Timur’s Invasion (1389-99 CE)

The Mongol ruler Timur ruled over a large empire in Central Asia. He claimed to be a descendent of Ghenghis Khan. He invaded India and plundered Delhi. The last Tughluq Sltan, Nasir-ud-din could not fight him. Timur’s army brutally massacred thousands of people and with the loot, he decorated his kingdom, Samarkand, building many beautiful mosques and palaces. Before leaving Delhi, Timur made Khizr Khan his deputy ruler in India, who eventually became the first Sayyid ruler in 1414 CE.

THE SAYYID DYNASTY

The Sayyid Dynasty was formed amidst Chaos when there was no figure or authority to control Delhi. There were four Sayyid kings.

Khizr Khan (1414-1421 CE)

Khizr Khan was appointed as the Governor of Multan by Firuz Shah Tughlug. He participated in

war of succession among the rival princes after the death of Firoz Shah, When Timur attacked India, he offered his services to Timur. Timur was pleased with his services and before he left India, he appointed Khizr Khan as the governor of Multan, Lahore and Dipalpur. During this reign the subedars of Punjab, Bhatinda and Doab broke out in revolt and his whole period was spent in trying to suppress them. Khizr Khan ruled till 1421. He was succeeded by his son Mubarak Shah.

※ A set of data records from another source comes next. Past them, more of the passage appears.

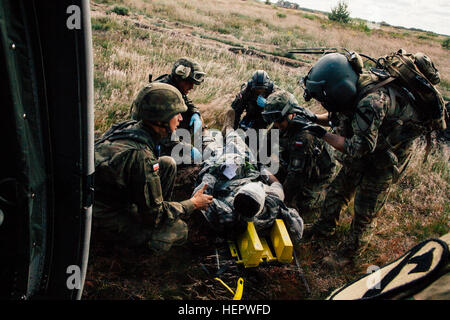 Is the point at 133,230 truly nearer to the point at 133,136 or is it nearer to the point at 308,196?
the point at 133,136

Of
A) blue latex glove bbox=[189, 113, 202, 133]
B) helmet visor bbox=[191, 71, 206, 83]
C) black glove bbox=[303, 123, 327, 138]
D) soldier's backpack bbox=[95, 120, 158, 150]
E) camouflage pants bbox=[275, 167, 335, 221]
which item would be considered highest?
helmet visor bbox=[191, 71, 206, 83]

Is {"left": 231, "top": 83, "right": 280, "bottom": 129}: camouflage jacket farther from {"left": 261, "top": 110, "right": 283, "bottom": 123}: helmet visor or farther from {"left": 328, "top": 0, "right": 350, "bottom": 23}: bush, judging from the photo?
{"left": 328, "top": 0, "right": 350, "bottom": 23}: bush

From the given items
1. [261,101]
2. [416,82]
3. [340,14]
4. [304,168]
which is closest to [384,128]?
[416,82]

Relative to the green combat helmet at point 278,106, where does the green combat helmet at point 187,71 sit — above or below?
above

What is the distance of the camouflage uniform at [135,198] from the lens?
110 inches

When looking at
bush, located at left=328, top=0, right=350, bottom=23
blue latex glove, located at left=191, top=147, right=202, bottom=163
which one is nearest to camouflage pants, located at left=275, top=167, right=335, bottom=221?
blue latex glove, located at left=191, top=147, right=202, bottom=163

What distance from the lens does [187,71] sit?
4.84m

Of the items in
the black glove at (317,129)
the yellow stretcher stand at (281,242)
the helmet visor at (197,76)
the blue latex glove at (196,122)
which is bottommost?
the yellow stretcher stand at (281,242)

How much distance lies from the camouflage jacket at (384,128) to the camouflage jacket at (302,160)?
0.94 m

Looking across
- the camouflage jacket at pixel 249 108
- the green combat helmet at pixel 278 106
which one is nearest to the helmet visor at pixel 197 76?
the camouflage jacket at pixel 249 108

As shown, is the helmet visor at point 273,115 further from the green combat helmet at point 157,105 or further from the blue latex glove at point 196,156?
the green combat helmet at point 157,105

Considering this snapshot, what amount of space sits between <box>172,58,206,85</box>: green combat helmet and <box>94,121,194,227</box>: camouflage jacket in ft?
6.32

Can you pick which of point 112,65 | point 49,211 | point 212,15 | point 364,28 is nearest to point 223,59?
point 112,65

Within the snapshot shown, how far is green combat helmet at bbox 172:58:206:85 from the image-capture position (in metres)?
4.83
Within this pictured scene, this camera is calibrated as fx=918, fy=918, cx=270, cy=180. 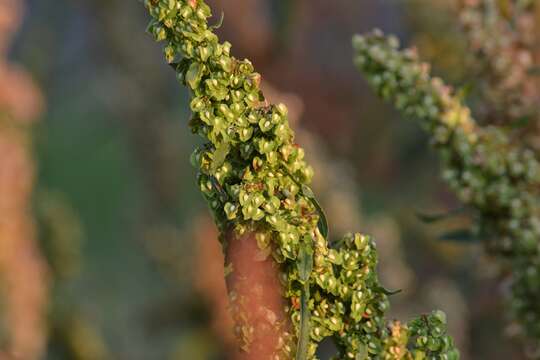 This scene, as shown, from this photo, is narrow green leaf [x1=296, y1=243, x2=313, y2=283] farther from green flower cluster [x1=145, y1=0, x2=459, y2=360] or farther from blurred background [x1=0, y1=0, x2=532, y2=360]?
blurred background [x1=0, y1=0, x2=532, y2=360]

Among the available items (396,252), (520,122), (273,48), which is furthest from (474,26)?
(273,48)

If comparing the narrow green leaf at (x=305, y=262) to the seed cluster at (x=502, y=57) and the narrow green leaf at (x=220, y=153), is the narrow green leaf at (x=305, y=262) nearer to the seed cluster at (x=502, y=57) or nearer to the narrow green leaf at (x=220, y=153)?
the narrow green leaf at (x=220, y=153)

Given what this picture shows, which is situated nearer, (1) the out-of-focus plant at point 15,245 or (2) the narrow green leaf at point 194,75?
(2) the narrow green leaf at point 194,75

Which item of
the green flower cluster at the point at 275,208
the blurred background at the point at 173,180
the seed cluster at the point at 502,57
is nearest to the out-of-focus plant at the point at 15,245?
the blurred background at the point at 173,180

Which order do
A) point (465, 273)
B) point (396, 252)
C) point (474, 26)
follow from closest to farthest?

Mubarak Shah (1421-1434 CE)

Like his father, Mubarak Shah was an efficient ruler. He undertook disciplinary action against jagirdars and nobles to collect revenue from them. This assertion of the right of the Sultan displeased the jagirdars and nobles who treated their provinces as their own property. It created trouble for the Sultan who had to fight against his own nobles who were against him.

Muhammad Shah (1434-1443 CE)

The nobles put Muhammad Shah on the throne. Muhammad Shah was Mubarak Shah’s nephew. He was authorized to rule a meagre area of around 30 miles. The rest of the Sultanate was ruled by the nobles.

Alauddin Alam Shah (1443-1451 CE)

After the death of Muhammad Shah, his son took over the throne under the title of Alam Shah. The last Sayyid king lost Delhi to Bahlul Lodi in 1451. With this the Sayyid dynasty came to an end.

The Lodi Dynasty             

The Lodi Dynasty was established by the Ghizlai tribe of the Afghans. There were three main

rulers of the Lodi dynasty.

Bahlol Lodi (1451-1488 CE)

Bahlol Lodi was an Afghan ruler and founder of the Lodi dynasty. He spent most of his time in fighting against the Sharqi dynasty and ultimately annexed it. He placed his eldest son Barbak on the throne of Jaunpur and his second son Sikander succeeded him after his death. Sikandar

Sikandar Lodi (1488-1517 CE)

Sikandar Lodhi, whose real name was Nizam Shah, ascended the throne of Delhi in 1488 CE. He is believed to be the greatest ruler of the Lodi dynasty. In 1503 CE, he founded the city of Agra and it the headquarters of his army.

Sikandar was a good administrator. Like Balban, he maintained the dignity of his office. Trade was promoted through better and protected roads. The book Tarikh-i-Daudi speaks highly of the Sultan. In 1517 CE, he fell ill and died. The Lodis built tombs in gardens. The Mughals later followed this style.

Ibrahim Lodi (1517-1526 CE)

Ibrahim Lodi was the last king of the Delhi Sultanate. He was the son of Sikandar Lodi and he sat on the throne of Delhi in 1517 CE. He was peevish and ill-tempered, and lost the sympathy of his relatives and nobles. Revolts broke out everywhere. Alam Khan, his uncle, went to Babur in Afghanistan and invited him to invade Delhi.

Babur, the Mughal king of Afghanistan, invaded India. He reached Panipat, near Delhi, in 1526 CE. There was a fierce battle between the forces of Babur and Ibrahim. Ibrahim was defeated and killed. Thus, the Delhi Sultanate came to an end. Babur founded the Mughal Empire in India.